Blemish was a radical departure from the more traditional songwriting style of your previous efforts. What motivated you to go that route?
What I was feeling as a listener—and also as a writer—was that the old forms just weren’t working anymore. I thought they were too comfortable and overly familiar, and they didn’t necessarily touch us as deeply emotionally as they once could. We have to redefine the language of musical composition, and that was what I was trying get to grips with on Blemish. So while making the record, I sidestepped the issue of structure to some degree to explore and have greater freedom lyrically.

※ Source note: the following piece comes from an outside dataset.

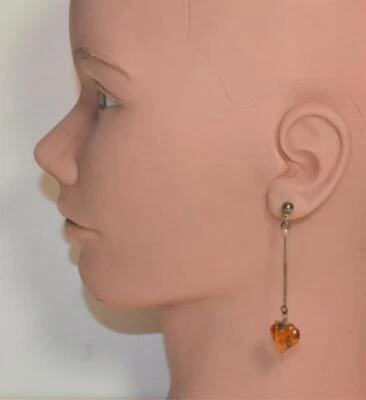 Vintage con Timbro 925 Argento Sterling Pendente Ambra Forma Cuore Orecchini - Immagine 1 di 3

There was a sense of immediacy in that the lyrics were written on the spot. I recorded them before they had really taken form—which meant there wasn’t time to ask if a line was good or appropriate. Whatever surfaced is what I went with in order to allow the full potency of the idea to come through. From that point onwards, it was a process of piecing the songs together by editing from a series of performances. But I didn’t allow myself to rework anything. Everything had to stand on its own at the end of the session, so the discipline was to avoid refining—to leave everything in a rather raw state.
What appealed to you about having other musicians remix the Blemish material for The Good Son vs. the Only Daughter?
To be honest, I’ve been very reluctant to delve too deeply into the remix culture just because, for the most part, the people remixing would rather be creating their own work. Often, they’re really just doing it on the basis of a commission. It’s a paid job, and, therefore, you’re only getting so much commitment. Very rarely do these remixes improve or elaborate on the originals, or further the emotional content. Having said that, I felt the Blemish material offered a unique opportunity for certain individuals to really rework the compositions in a rather elaborate manner, because, with the exception of the Derek Bailey-related compositions, the material was recorded over drones or two chords. On top of that, there was the notion of working with artists I have come into contact with over the past year or so, and I used the remixes as a way of testing the waters for possible future collaborations.
How would you characterize your core motivations as a musician today?
My interests lie in the idea of songs for the 21st Century—to speak to “now” in a way that is somewhat provocative, and not exactly easy listening. The reward for being confronted with this kind of material is a sense of being alive within the creation of the work. It’s similar to when you walk into an art gallery, and there’s a new and powerful piece of art on which the paint is hardly dry. The piece is speaking to now, and you can somehow connect with that work on an equal footing. It’s very much alive and of its time. It’s an enormous and valuable challenge to attempt to create work that embodies its time, and speaks to it with a new vocabulary.
We’ve become numb and complacent in the way we approach music. You could just explore the past, but does it really speak to you in the same way as something created in your time with the intention of getting across very complex emotions? It’s time for renewal. We need to cleanse the system and reinvent it so we can really feel again. We need to find and create work that is provocative. Work that can steal up on us when we’re relatively unaware, and really blow our hearts and minds wide open.